** GIVEN MATERIAL follows **
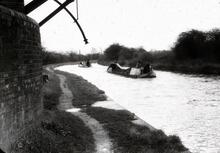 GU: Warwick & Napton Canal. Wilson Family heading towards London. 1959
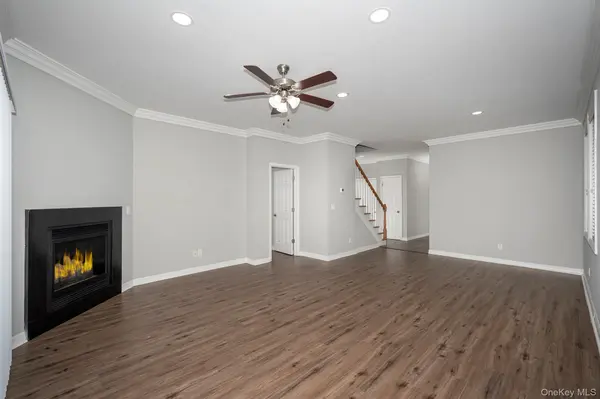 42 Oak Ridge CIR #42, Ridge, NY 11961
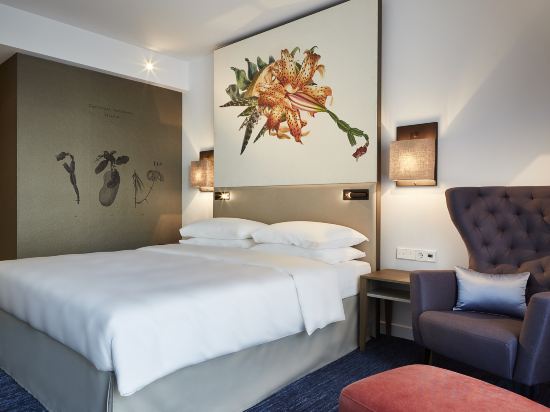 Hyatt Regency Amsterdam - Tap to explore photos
** End of GIVEN MATERIAL **
■ **EXERCISE**:
The copy must match the listing above exactly but contain no pictures.

■ **ANSWER BOX**:
 GU: Warwick & Napton Canal. Wilson Family heading towards London. 1959
 42 Oak Ridge CIR #42, Ridge, NY 11961
 Hyatt Regency Amsterdam - Tap to explore photos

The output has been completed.